For accounts payable, what are shipping terms? (3 elements)
1) The timing of recognition of accounts payable may depend on the shipping terms.
2) When goods are shipped FOB shipping point, the buyer records inventory and a payable at the time of shipment.
3) When goods are shipped FOB destination, the buyer records inventory and a payable when the goods are tendered at the destination.
For accrued expenses, how are accrual entries done? (3 elements)
1) Ordinarily, accrued expenses meet recognition criteria in the current period but have not been paid as of year end. They are accounted for using basic accrual entries.
2) Accruals may be used to facilitate accounting for expenses incurred but not paid at the end of an accounting period.
3) For example, the year-end accrual entry for wages payable is
Wages expense $XXX
Wages payable $XXX
For accrued expenses, how are reversing entries done? (3 elements)
1) The reversing entry at the beginning of the next period is
Wages payable $XXX
Wages expense $XXX
2) No allocation between the liability and wages expense is needed when wages are paid in the subsequent period. The full amount of expenses paid in the next period can be debited to expense.
3) The entry is simply
Wages expense $XXX
Cash $XXX
For accrued expenses, what is the accounting treatment if no reversing entries are done? (2 elements)

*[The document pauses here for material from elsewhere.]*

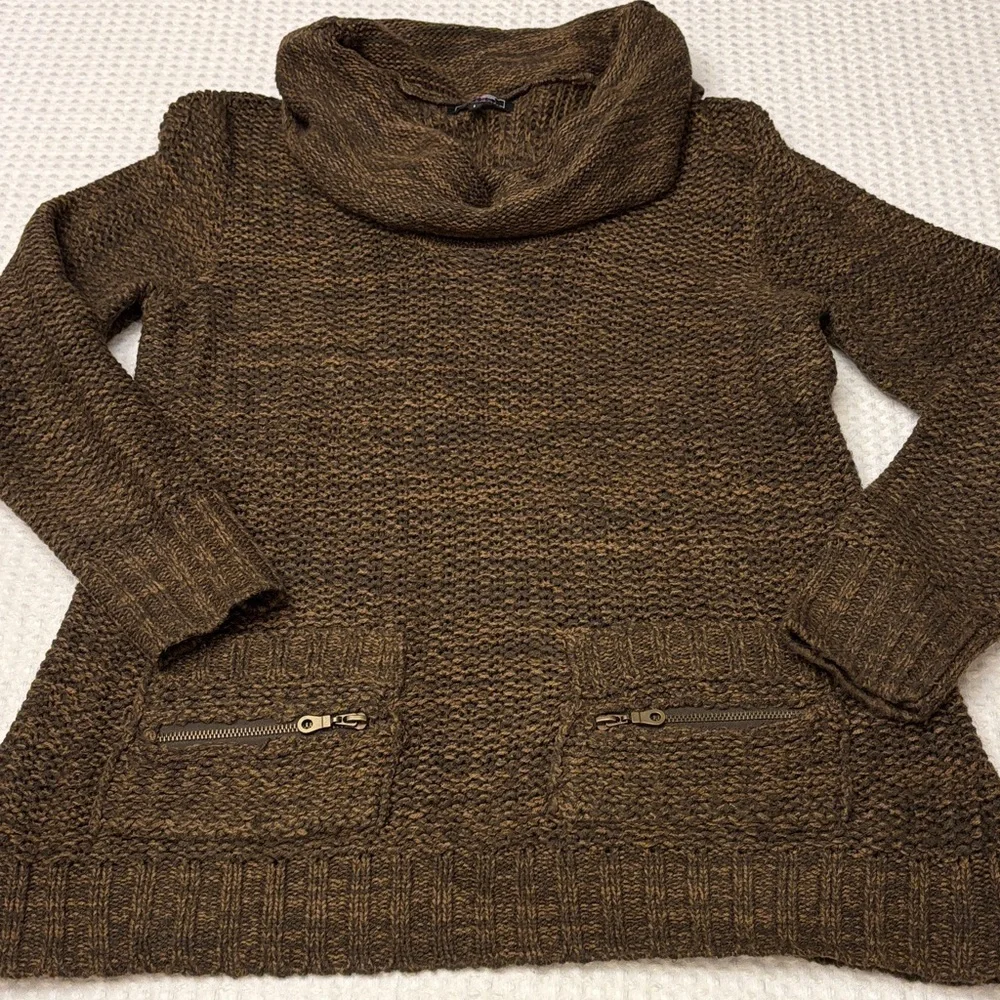 Cozy Brown Cowl Neck Women's Sweater Size Large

1) If reversing entries are not made, payments during the year are recorded by debiting expense for the full amount.
-The entry is
Wages expense $XXX
Cash $XXX
2) At year end, the liability is adjusted to the balance owed at that date.
-For example, if the liability for accrued wages has decreased, the adjusting entry is
Wages payable $XXX
Wages expense $XXX
For accrued expenses, what are the effects of nonaccrual? (3 elements)
1) If an entity fails to accrue expenses at year end, income is overstated in that period and understated in the next period (when they are paid and presumably expensed).
2) Moreover, expenses incurred but unpaid and not recorded result in understated accrued liabilities and possibly understated assets (for example, if the amounts should be inventoried).
3) In addition, working capital (current assets – current liabilities) will be overstated, but cash flows will not be affected.
With respect to accrued liability for employees’ vacations, what is the accounting for compensated absences? (5 elements)
1) The accounting for compensated absences applies to employees’ rights to receive compensation for future absences, such as vacations. It requires an accrual of a liability when four criteria are met:
2) The payment of compensation is probable.
3) The amount can be reasonably estimated.
4) The benefits either vest or accumulate.
i) Rights vest if they do not depend on employees’ future service. The employer has an obligation to pay even if an employee provides no future service.
ii) Rights accumulate if earned but, if unused, may be carried forward to subsequent periods.
5) The compensation relates to employees’ services that have already been rendered.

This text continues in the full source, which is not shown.